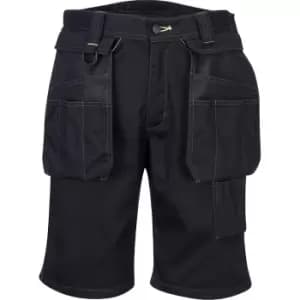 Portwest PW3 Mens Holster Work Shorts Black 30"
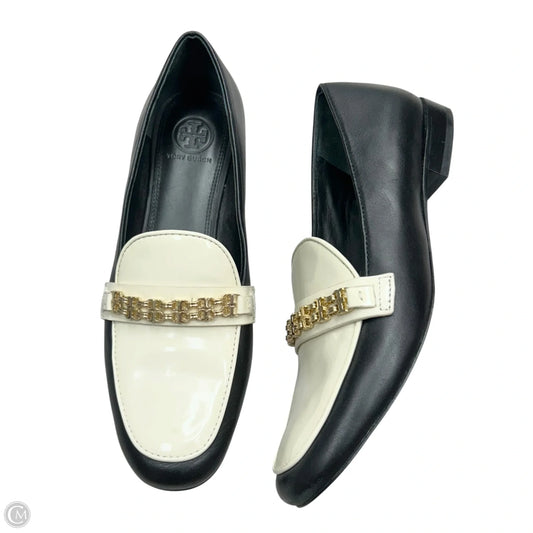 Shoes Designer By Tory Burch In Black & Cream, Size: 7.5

* * *

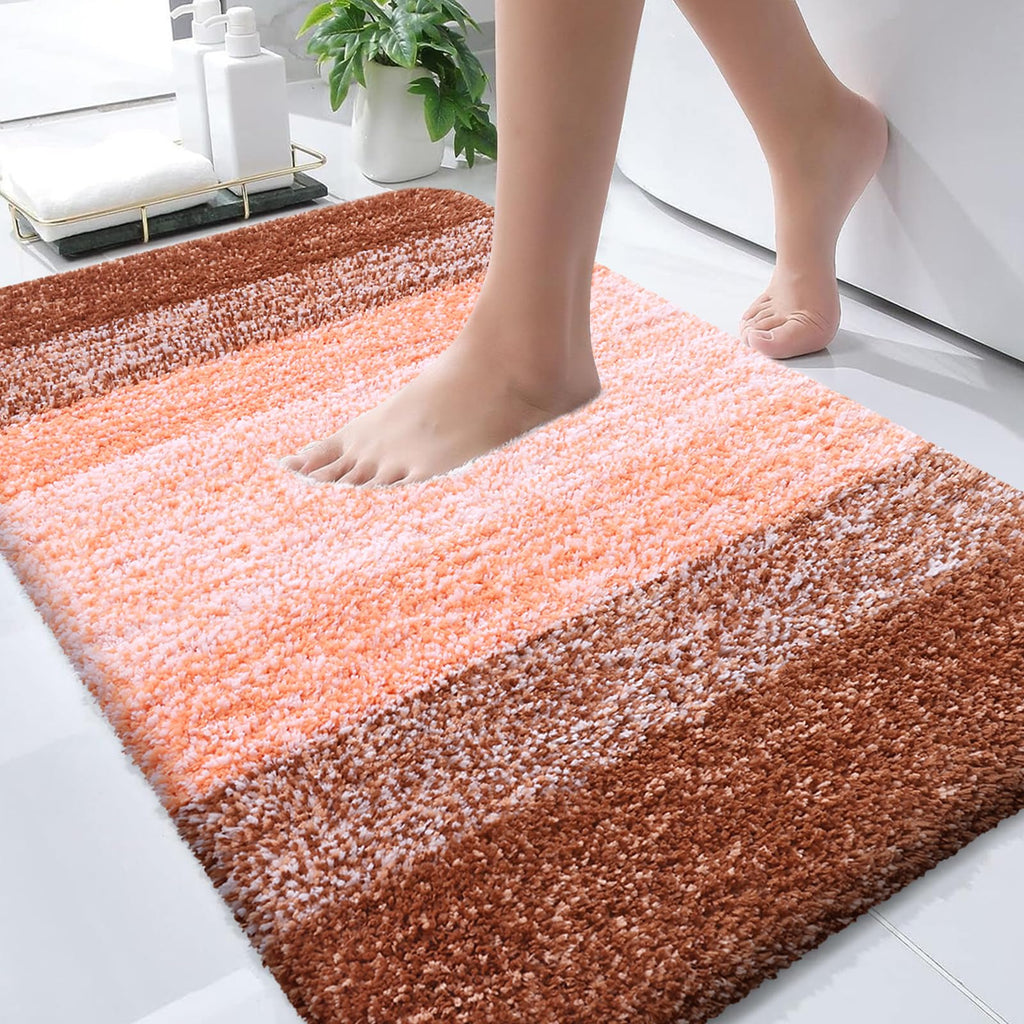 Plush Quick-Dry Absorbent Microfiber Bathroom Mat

### Your task
Although the records hold pictures, the copy must not; give again exactly the lines from the one with "Portwest PW3 Mens" through the one with "Shoes Designer By".

### Written solution
 Portwest PW3 Mens Holster Work Shorts Black 30"
 Shoes Designer By Tory Burch In Black & Cream, Size: 7.5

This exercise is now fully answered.